I have a set of ndJOSN dataset like the below:
{'ADDRESS_CITY': 'Whittier', 'ADDRESS_LINE_1': '905 Greenleaf Avenue', 'ADDRESS_STATE': 'CA', 'ADDRESS_ZIP': '90402',},
{'ADDRESS_CITY': 'Cedar Falls', 'ADDRESS_LINE_1': '93323 Maplewood Dr', 'ADDRESS_STATE': 'CA', 'ADDRESS_ZIP': '95014'}
I need to pass values from above into an api request, specifically the body in the format below.
data=[
{
"addressee":"Greenleaf Avenue",
"street":"905 Greenleaf Avenue",
"city":"Whittier",
"state":"CA",
"zipcode":"90402",
},
{
"addressee":"93323",
"street":"Maplewood Dr",
"city":"Cedar Falls",
"state":"CA",
"zipcode":"95014",
}
]
As you can see, the Key's are different so I need to change the Key's to align with the correct data and pass them in with the new key names (ie address_line_1 goes to addressee) - and there are going to be 10k addresses in this request.

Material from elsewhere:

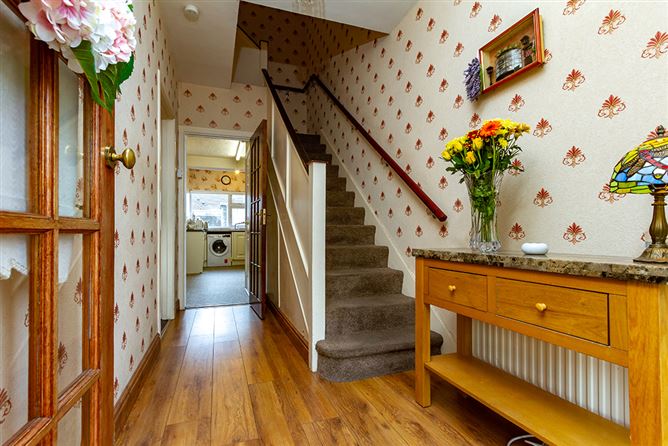 15 Kilnamanagh Road, Walkinstown, Dublin 12, Dublin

I did not note it in my first example, but there is an ID associated with each address - I have to remove to make the request,and then add back in. So I ended up solving with the below - anything more pythonic, these feels not so eloquent to me...?
addresses = ndjson.loads(addresses)
data = json.loads(json.dumps(addresses).replace('"ADDRESS_CITY"','"city"').replace('"ADDRESS_LINE_1"','"street"').replace('"ADDRESS_STATE"','"state"').replace('"ADDRESS_ZIP"','"zipcode"'))
ids = []
for i in data:
i['candidates'] = 1
ids.append(i["ID"])
del i["ID"]
response = requests.request("POST", url, json=data)

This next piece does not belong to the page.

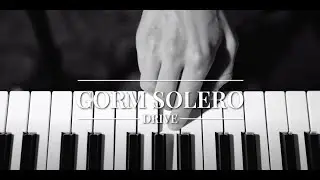 Gorm Solero - Drive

resp_data = response.json()
a = 0
for i in resp_data:
i['ID'] = ids[a]
x = i['ID'] = ids[a]
a = a + 1
If you want to make things a bit easier for yourself, I would suggest using data classes to model your input data. The main benefit of this is that you can use dot .
access for attributes, and you don't need to work with dictionaries which have dynamic keys. You also benefit from type hinting, so your IDE should be able to better assist you as well.
In this case, I would suggest pairing it with a JSON serialization library such as the dataclass-wizard, which actually supports this use case perfectly. As of the latest version - v0.15.0, it should also support excluding fields from the serialization / dump process.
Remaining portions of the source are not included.